11 years after mass shooting, S.C. church to open memorial

Wave Staff Report
CHARLESTON, S.C., — Deona Smith opened her remarks at the preview for the Emanuel Nine Memorial by reciting the names of the nine people killed 11 years ago at Mother Emanuel AME Church.
Rev. Clementa C. Pinckney. Cynthia Marie Graham Hurd. Rev. Sharonda Coleman-Singleton. Rev. Daniel L. Simmons. Rev. DePayne Middleton-Doctor. Tywanza Sanders. Myra Thompson. Ethel Lance. Susie Jackson.
“We wouldn’t be here if it were not for the nine,” said Smith, executive director of the Mother Emanuel Memorial Foundation. “It was a horrific thing that happened here on June 17th, 2015.”

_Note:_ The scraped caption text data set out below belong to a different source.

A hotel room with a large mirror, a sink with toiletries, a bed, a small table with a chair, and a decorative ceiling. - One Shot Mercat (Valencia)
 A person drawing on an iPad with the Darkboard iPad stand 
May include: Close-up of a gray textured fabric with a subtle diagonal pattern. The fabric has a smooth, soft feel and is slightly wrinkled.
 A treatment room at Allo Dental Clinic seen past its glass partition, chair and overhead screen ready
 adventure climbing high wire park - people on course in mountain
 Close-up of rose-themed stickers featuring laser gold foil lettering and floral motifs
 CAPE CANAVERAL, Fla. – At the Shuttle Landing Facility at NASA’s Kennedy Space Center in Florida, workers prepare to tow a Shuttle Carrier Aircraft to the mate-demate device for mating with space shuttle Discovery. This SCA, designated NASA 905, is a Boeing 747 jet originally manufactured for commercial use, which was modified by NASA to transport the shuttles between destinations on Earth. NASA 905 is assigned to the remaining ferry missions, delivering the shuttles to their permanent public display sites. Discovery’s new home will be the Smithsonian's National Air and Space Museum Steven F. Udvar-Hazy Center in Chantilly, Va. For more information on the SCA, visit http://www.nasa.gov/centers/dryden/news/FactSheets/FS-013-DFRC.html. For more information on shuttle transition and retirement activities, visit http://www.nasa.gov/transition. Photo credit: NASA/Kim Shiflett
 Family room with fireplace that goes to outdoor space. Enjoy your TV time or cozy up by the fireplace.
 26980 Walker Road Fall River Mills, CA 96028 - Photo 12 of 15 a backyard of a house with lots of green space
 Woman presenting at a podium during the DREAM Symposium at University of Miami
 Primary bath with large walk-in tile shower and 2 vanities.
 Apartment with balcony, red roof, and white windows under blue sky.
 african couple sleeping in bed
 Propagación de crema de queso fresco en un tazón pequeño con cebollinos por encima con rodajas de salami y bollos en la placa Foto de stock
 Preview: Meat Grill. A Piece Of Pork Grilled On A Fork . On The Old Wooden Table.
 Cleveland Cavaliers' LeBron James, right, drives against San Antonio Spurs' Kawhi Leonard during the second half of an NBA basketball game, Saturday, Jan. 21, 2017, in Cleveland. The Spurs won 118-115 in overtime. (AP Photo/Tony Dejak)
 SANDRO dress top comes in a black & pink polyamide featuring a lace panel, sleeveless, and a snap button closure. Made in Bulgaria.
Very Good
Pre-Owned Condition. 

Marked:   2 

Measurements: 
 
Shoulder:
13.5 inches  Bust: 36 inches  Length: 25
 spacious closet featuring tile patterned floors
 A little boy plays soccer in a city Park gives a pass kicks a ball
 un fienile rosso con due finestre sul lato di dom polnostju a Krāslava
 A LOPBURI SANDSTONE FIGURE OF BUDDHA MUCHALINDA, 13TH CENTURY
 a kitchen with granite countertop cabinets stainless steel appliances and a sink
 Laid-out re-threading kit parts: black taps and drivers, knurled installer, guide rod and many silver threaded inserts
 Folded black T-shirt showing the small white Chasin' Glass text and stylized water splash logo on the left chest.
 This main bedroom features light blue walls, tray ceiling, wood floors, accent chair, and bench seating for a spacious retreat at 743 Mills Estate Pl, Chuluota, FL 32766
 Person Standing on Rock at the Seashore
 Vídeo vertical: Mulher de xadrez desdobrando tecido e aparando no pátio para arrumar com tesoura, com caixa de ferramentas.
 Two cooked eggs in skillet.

One week before the 11th anniversary of the mass shooting at Mother Emanuel AME Church in Charleston, South Carolina, Smith shared with media a first look at a memorial, which is being built next to the historic church at 110 Calhoun St.
The memorial is designed to be a permanent public space honoring the nine worshippers who were killed during Bible study on June 17, 2015 by a white supremacist, 21 year old Dylann Roof. The site also honors the five survivors, the resilience of the congregation, and all people impacted by hatred and racial violence.
Construction is well underway, and the memorial will open to the public this fall. Admission will be free.
“It is a safe space that should be available and accessible to everyone,” Smith said. “Everyone in our community and visitors alike.
The Mother Emanuel Memorial Foundation was formed in 2017 and is an independent organization with a board of 15 members that is separate from the church. The foundation is a nonprofit with independent governance and financial oversight and is fully responsible for the memorial. The foundation board is co-chaired by Rev. Eric Manning, senior pastor of Mother Emanuel and John Darby, CEO of the Beach Company.
The media preview included a walk through the construction site and a visit to a museum space across the street that houses many of the works of art, tributes, and gifts sent to Mother Emanuel in the immediate aftermath of the 2015 tragedy. Those items are being curated by Lee Bennett Jr., the church’s historian, and serve as a visible testament to how deeply the attack moved people around the world.
For Smith, a Lowcountry native who grew up AME and has personal ties to the church and its congregation, leading the foundation is deeply meaningful.
“This is my charge: to lead this organization and to try to present a memorial that the families, the survivors, and the community at large can be proud of,” she said. “Something that earns the respect and honor of who they were as people in our community.”
The memorial, designed by architect Michael Arad, who also designed the 9/11 Memorial in New York, will feature a Memorial Courtyard with a names fountain, fellowship benches, a contemplation basin for quiet individual reflection, and reimagined church grounds connecting the memorial to Mother Emanuel AME Church.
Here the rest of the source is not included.